クレジットカードも当然に強制解約となり利用できなくなりますから、自己破産の申立てに先立って銀行振り込みなど別の手段で家賃の支払いができるようにしておかなければならないことにならないでしょう。
※なお、これは家賃だけの話ではなく、電気やガス、水道といった光熱費や携帯電話料金など通信費の支払いをクレジット払いにしている場合にも同様なことが言えます。
光熱費や通信費の支払いをクレジット払いにしている場合にも、自己破産の手続き後はクレジットカードの利用ができなくなりますので、事前に銀行振り込みやコンビニ支払いなどに変更しておく必要があります。

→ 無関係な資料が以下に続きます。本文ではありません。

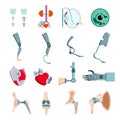 Prothesis Implants Flat Set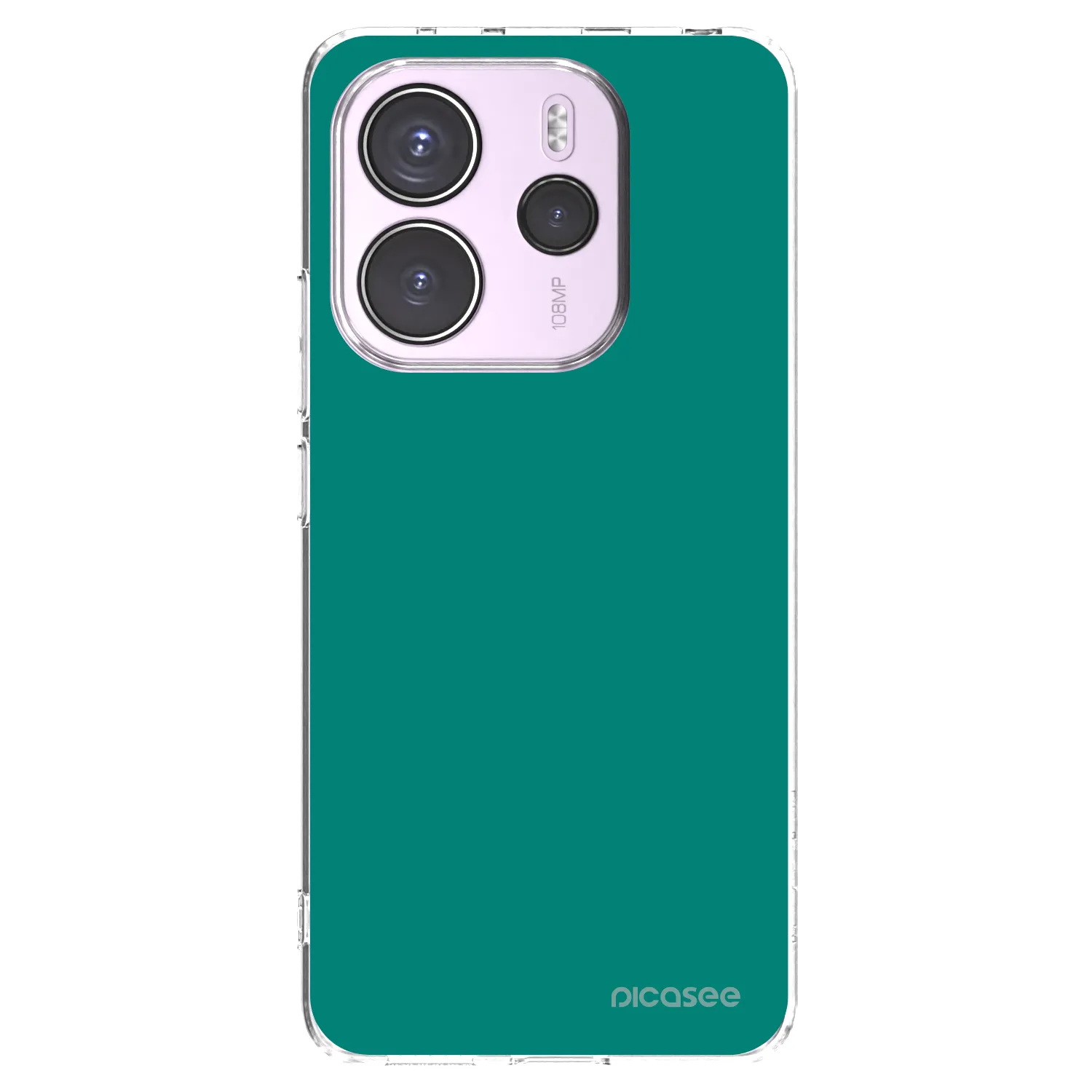 Picasee silikonski prozorni ovitek za Xiaomi Redmi Note 14 4G - Emerald Mist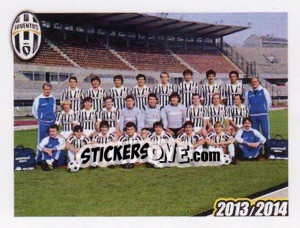 Sticker Formazione 1981/1982 - Juventus 2013-2014 - Footprint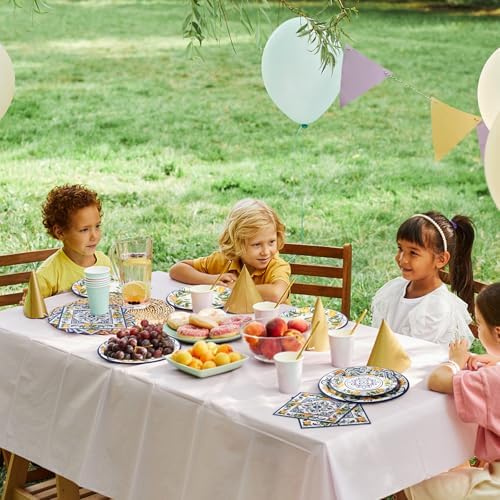 108Pcs Capri Lemon Party Plates Set for 36 Guests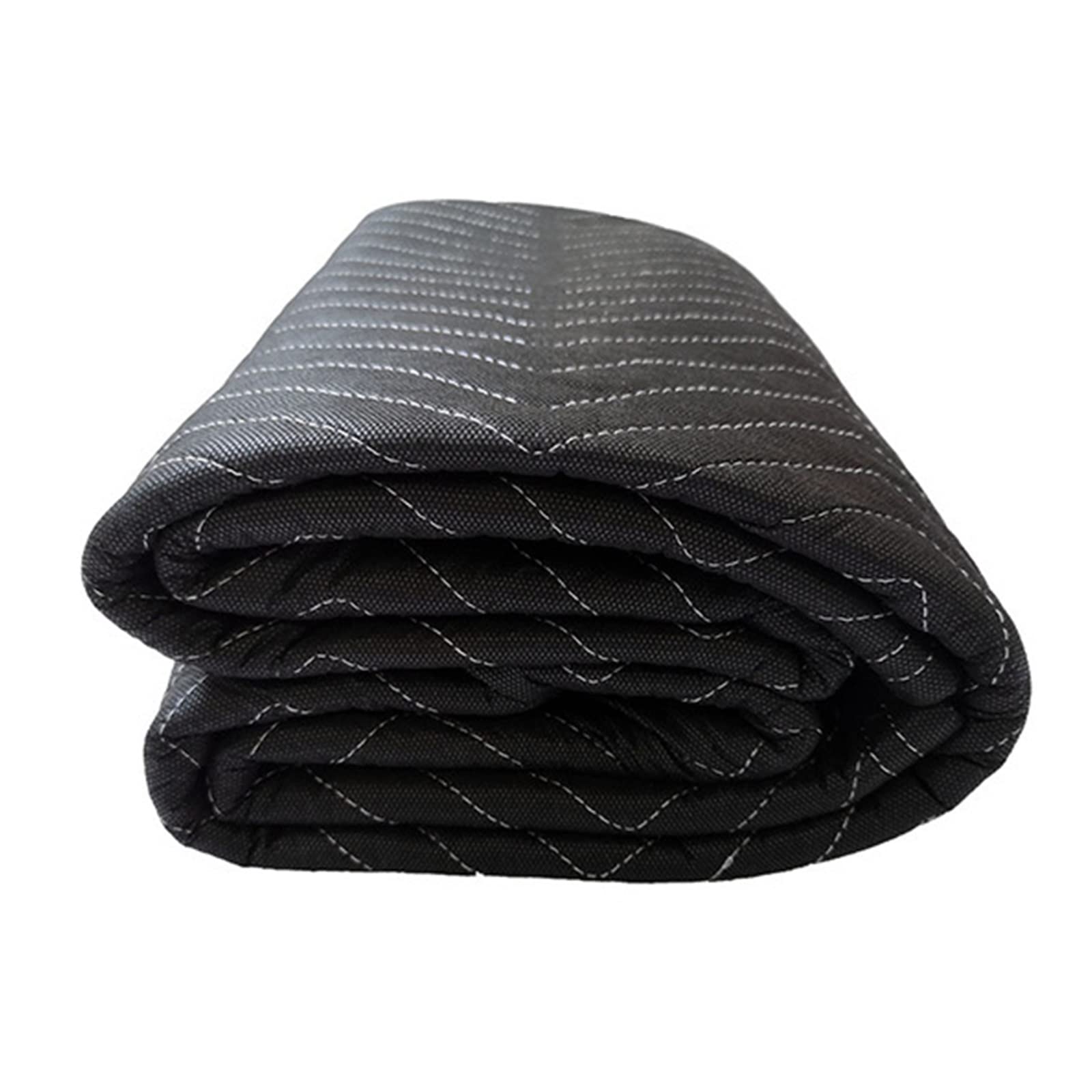 YXX Heavy Duty Moving Blankets - 4 Pack Thick Black Furniture Pads for Packing, Shipping & Protection (72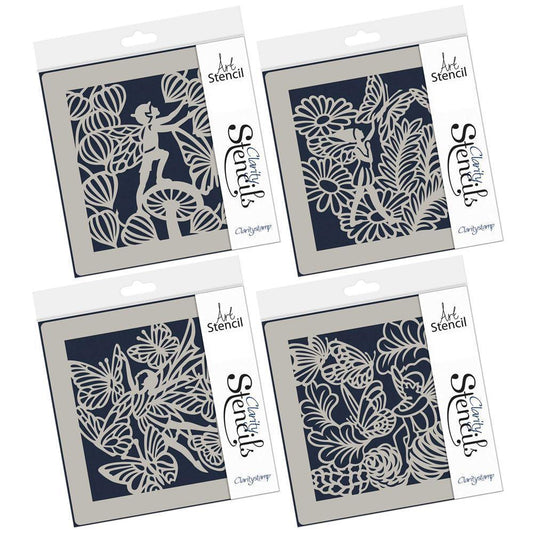 Fairies 7" x 7" Stencil Collection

自己破産の後も最低5年間はクレジットカードでの家賃の支払いはできない
前述したように、自己破産の申立てにおいてはクレジット会社も債権者として裁判所に報告しなければなりませんので、自己破産の申立てをする場合にはクレジットを利用しての家賃の支払いはできないことになります。
では、自己破産の手続きが終了した後に新たにクレジットカードを作ってクレジットで家賃を支払うことはできるのでしょうか?
答えは×。できません。
自己破産の申立てを行うと、信用情報機関に「事故情報」として最低5年間登録されることになります。
クレジットカード会社など信販会社は、カードの申し込みがあった時点でこの信用情報機関に照会を行い、そのカードの申し込み者が過去に返済の延滞や自己破産などの債務整理をしていないかをチェックします。
信用情報機関に照会をして事故情報があることが判明すれば審査を通さないのが通常ですから、自己破産の手続きが終了した後最低5年間はクレジットカードの利用はできないということになります。
なので、自己破産の手続きが終了した後5年間は家賃をクレジットカードで支払うことはできないと思われますので、銀行振り込みなどで対処するほかないでしょう。